*** GIVEN RECORDS ***

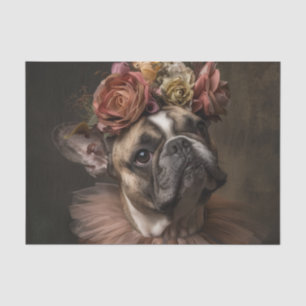 Pitbull als Prinzessin für Royals Seidenpapier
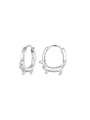 thumb 925 Sterling Silver Animal Cute Huggie Earring 0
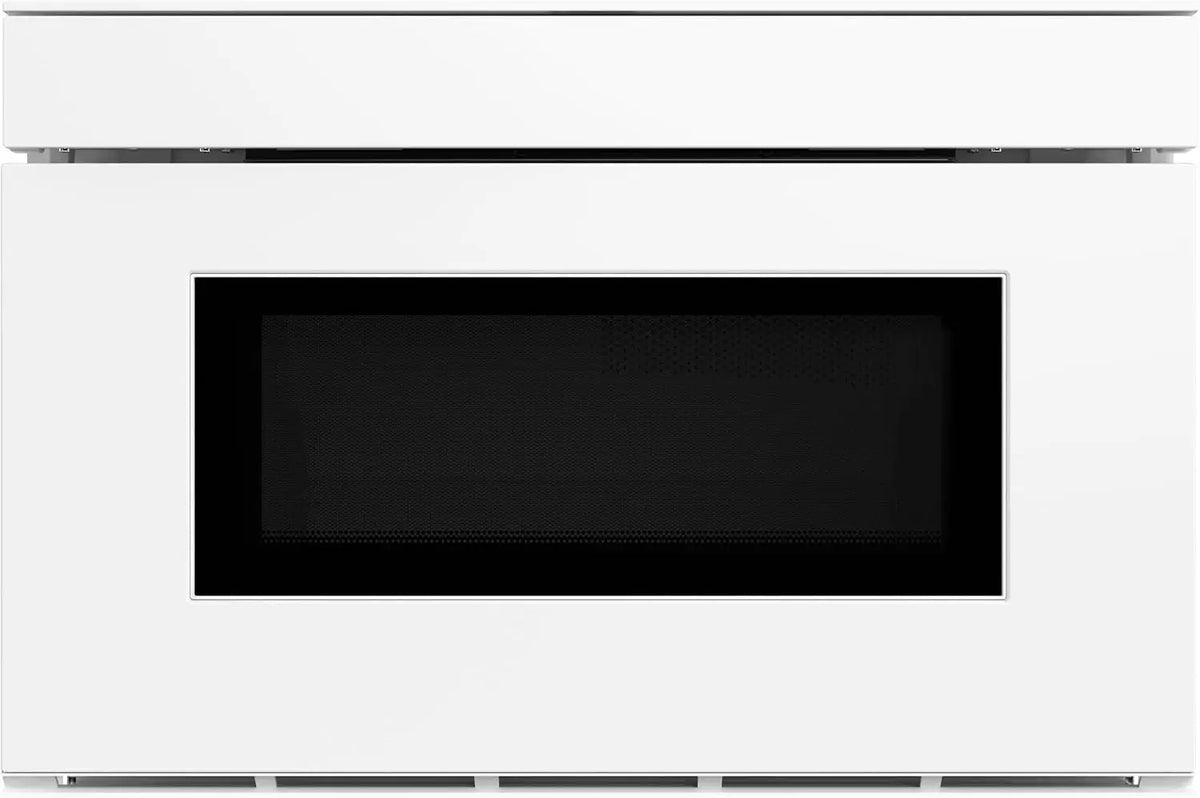 SHARP SMD2479MW Smart Microwave Drawer Oven with Easy Wave Open - 24-inch, 1.2 Cubic Feet, 950 Watt, Concealed Glass Touch Control Panel, White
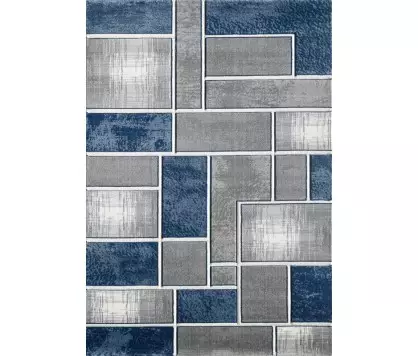 Lagos Rug Grey Navy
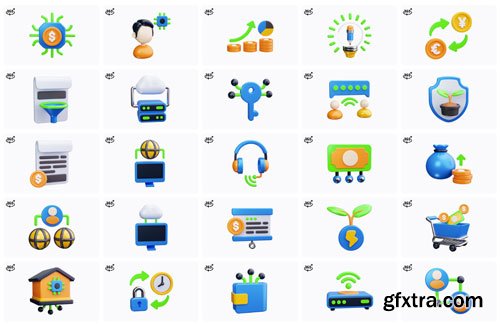 Iconscout - Digital Economy 3D Icon Pack
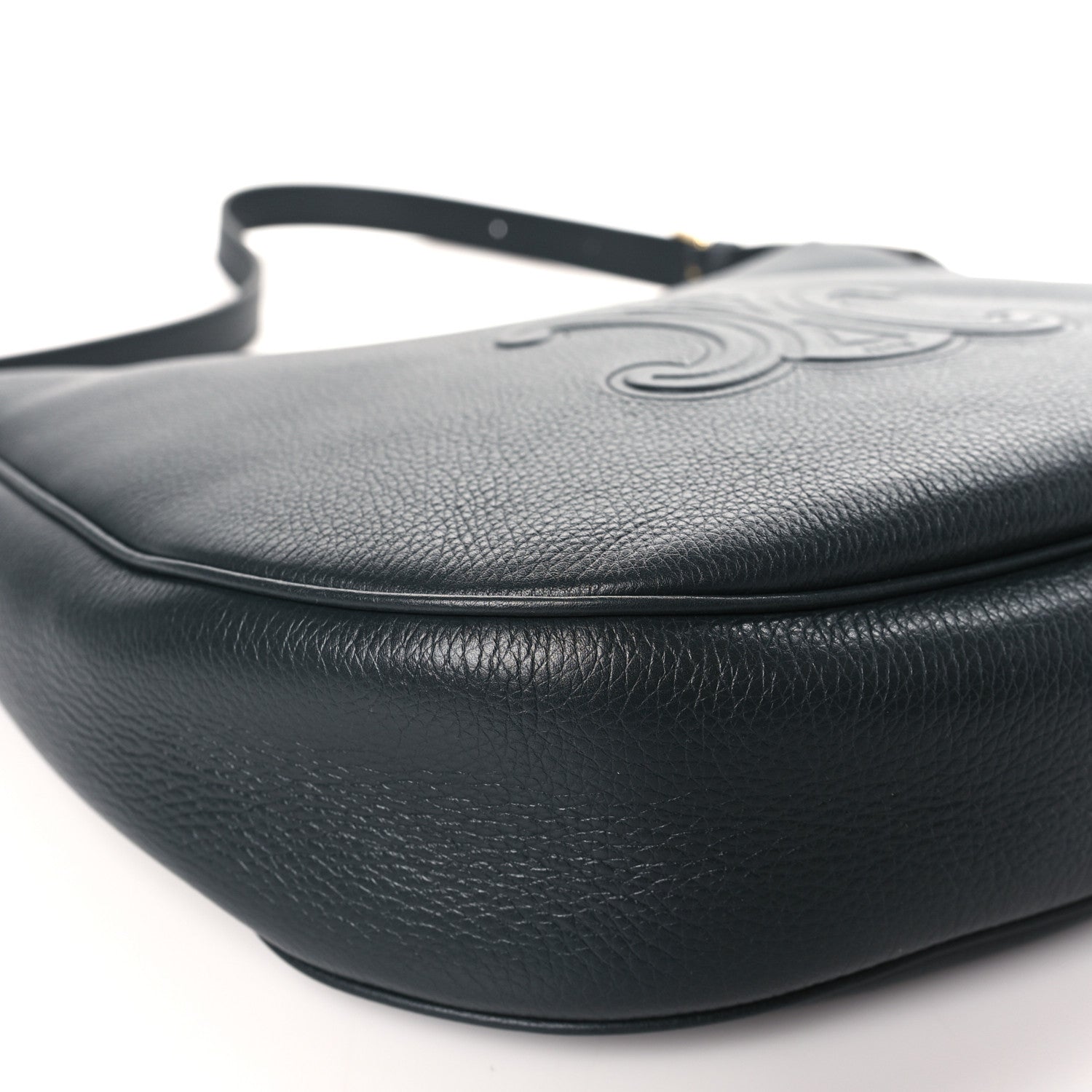 Celine Calfskin Triomphe Heloise Shoulder Bag Slate Grey 7 of 8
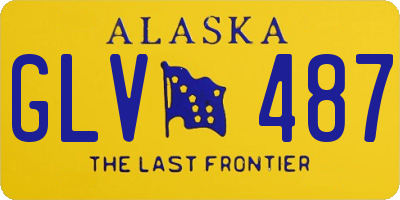 AK license plate GLV487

*** End of GIVEN RECORDS ***

[WHAT YOU WILL DO]
Your reply should be the lines of the records from the start through the line with "SHARP SMD2479MW Smart", copied word for word, pictures omitted.

[WRITTEN ANSWER]
 Pitbull als Prinzessin für Royals Seidenpapier
 thumb 925 Sterling Silver Animal Cute Huggie Earring 0
 SHARP SMD2479MW Smart Microwave Drawer Oven with Easy Wave Open - 24-inch, 1.2 Cubic Feet, 950 Watt, Concealed Glass Touch Control Panel, White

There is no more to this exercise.